» **Exercise prompt**
Every line from the one holding "Placa-mãe embutida Industrial" through the one holding "Electric Heated Gloves" in the data below must be returned exactly, both ends included, with pictures left out and nothing else added.

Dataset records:

=======

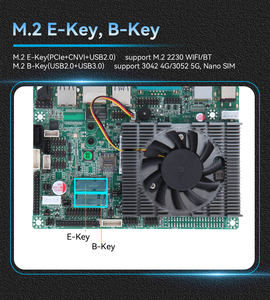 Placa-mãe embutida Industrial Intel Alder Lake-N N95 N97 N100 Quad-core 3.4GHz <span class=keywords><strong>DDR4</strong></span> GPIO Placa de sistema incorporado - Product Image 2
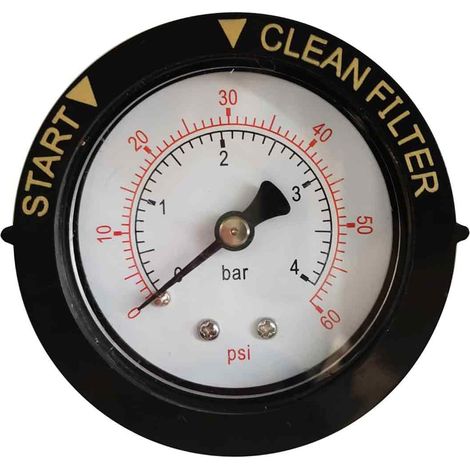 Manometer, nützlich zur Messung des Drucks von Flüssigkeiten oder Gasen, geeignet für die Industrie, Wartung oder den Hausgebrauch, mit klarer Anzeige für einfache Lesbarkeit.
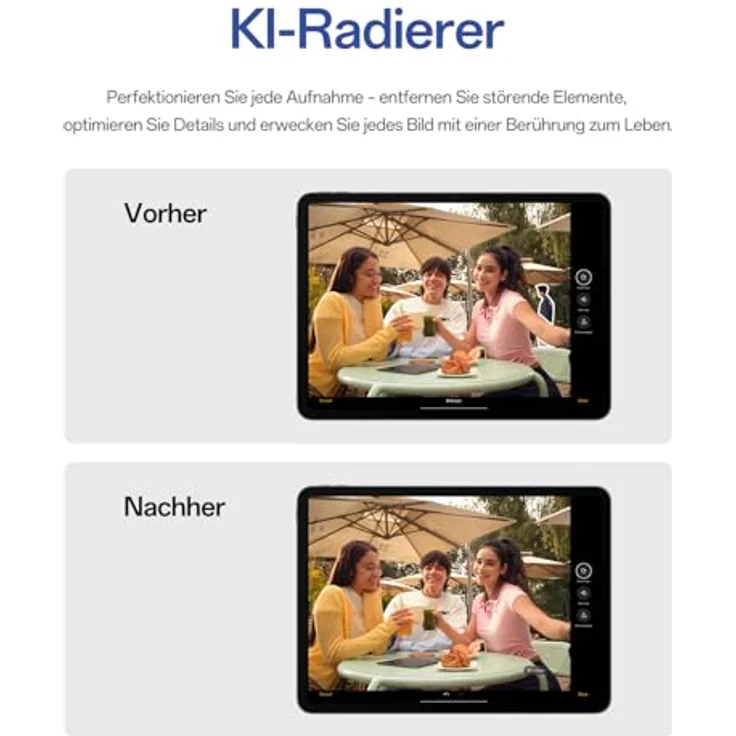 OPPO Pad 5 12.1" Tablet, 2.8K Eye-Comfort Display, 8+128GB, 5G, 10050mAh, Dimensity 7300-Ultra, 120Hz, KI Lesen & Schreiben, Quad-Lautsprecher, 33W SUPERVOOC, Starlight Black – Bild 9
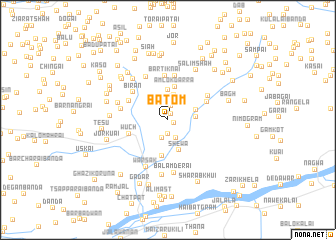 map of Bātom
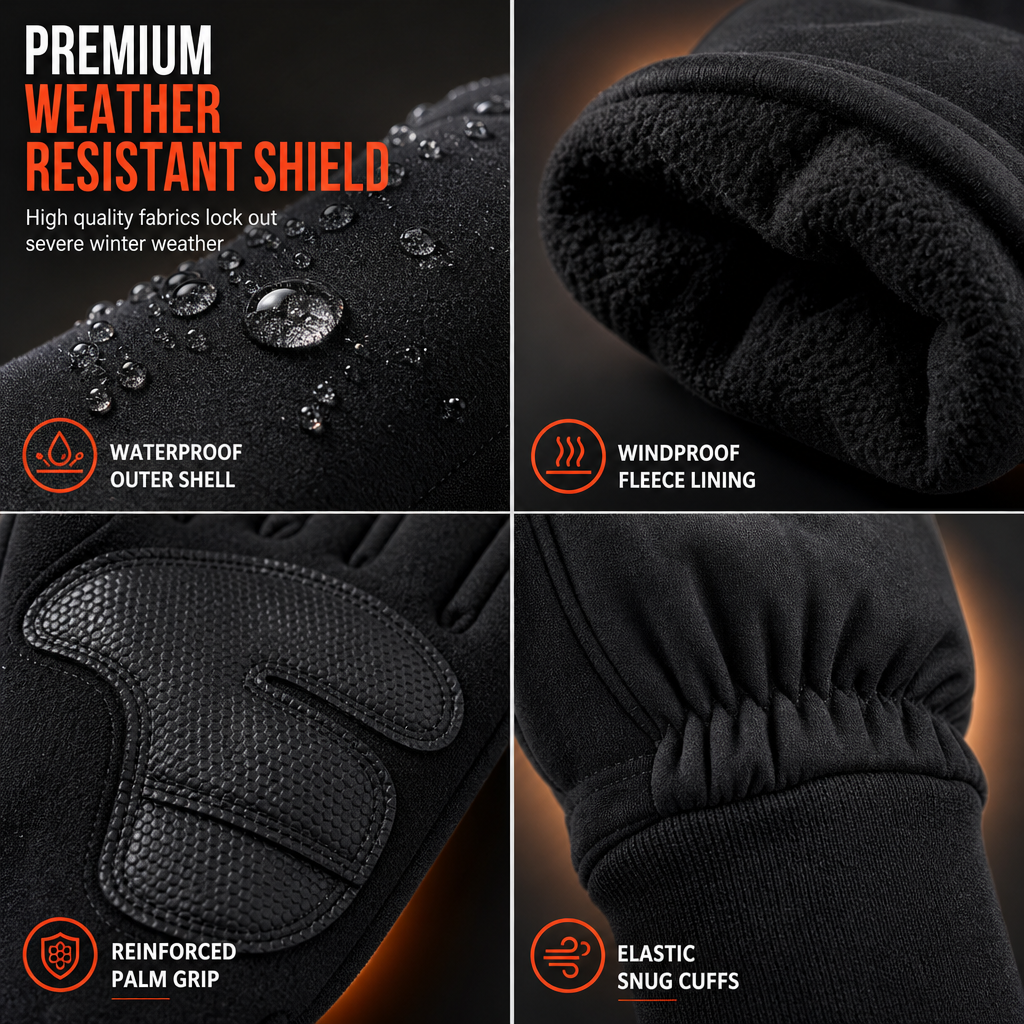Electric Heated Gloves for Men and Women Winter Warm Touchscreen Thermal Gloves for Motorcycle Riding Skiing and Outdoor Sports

=======

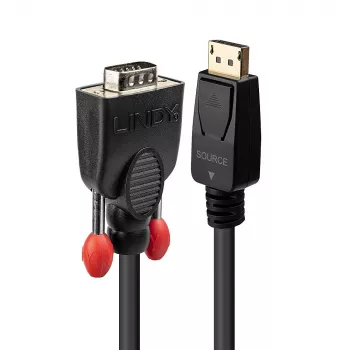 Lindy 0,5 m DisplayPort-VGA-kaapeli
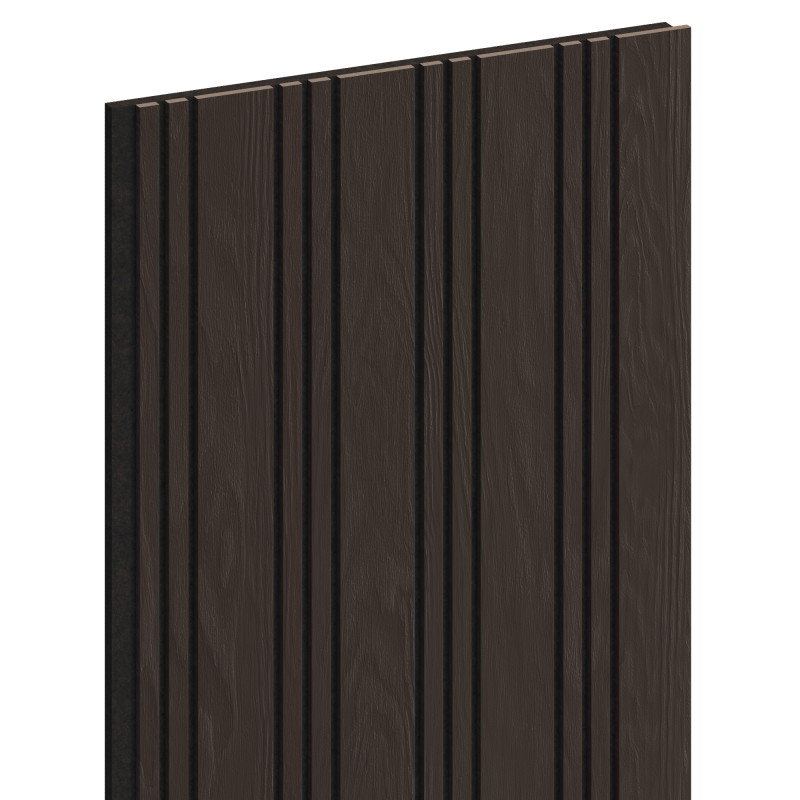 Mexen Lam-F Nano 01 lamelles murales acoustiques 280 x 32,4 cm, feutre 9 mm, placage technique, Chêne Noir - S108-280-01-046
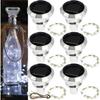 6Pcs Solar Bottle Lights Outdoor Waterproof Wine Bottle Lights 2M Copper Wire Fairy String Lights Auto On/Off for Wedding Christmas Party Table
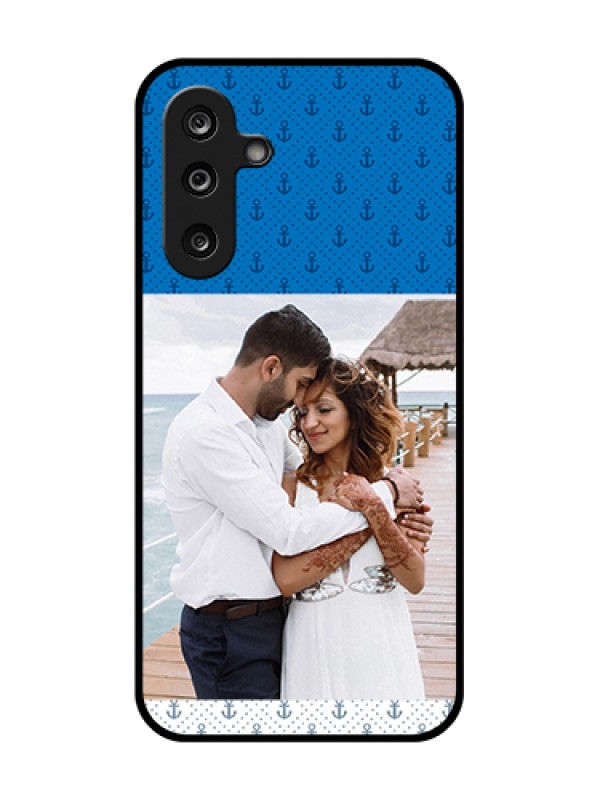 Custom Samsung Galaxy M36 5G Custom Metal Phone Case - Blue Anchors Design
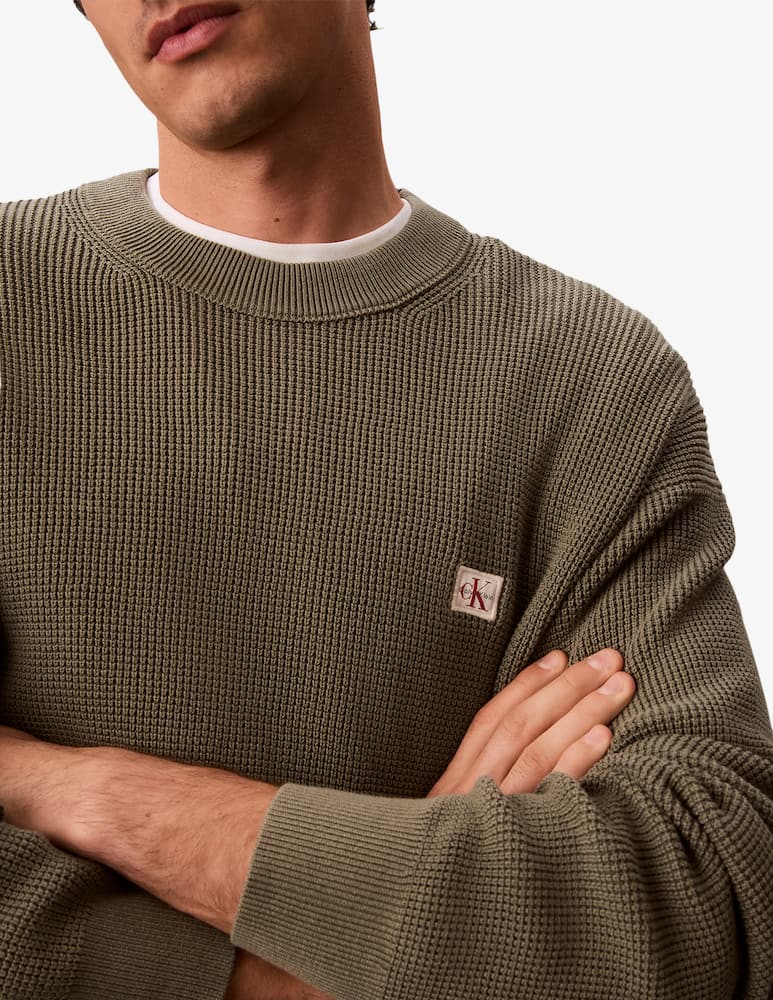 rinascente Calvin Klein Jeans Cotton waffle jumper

=======

» **Task solution**
 Placa-mãe embutida Industrial Intel Alder Lake-N N95 N97 N100 Quad-core 3.4GHz <span class=keywords><strong>DDR4</strong></span> GPIO Placa de sistema incorporado - Product Image 2
 Manometer, nützlich zur Messung des Drucks von Flüssigkeiten oder Gasen, geeignet für die Industrie, Wartung oder den Hausgebrauch, mit klarer Anzeige für einfache Lesbarkeit.
 OPPO Pad 5 12.1" Tablet, 2.8K Eye-Comfort Display, 8+128GB, 5G, 10050mAh, Dimensity 7300-Ultra, 120Hz, KI Lesen & Schreiben, Quad-Lautsprecher, 33W SUPERVOOC, Starlight Black – Bild 9
 map of Bātom
Electric Heated Gloves for Men and Women Winter Warm Touchscreen Thermal Gloves for Motorcycle Riding Skiing and Outdoor Sports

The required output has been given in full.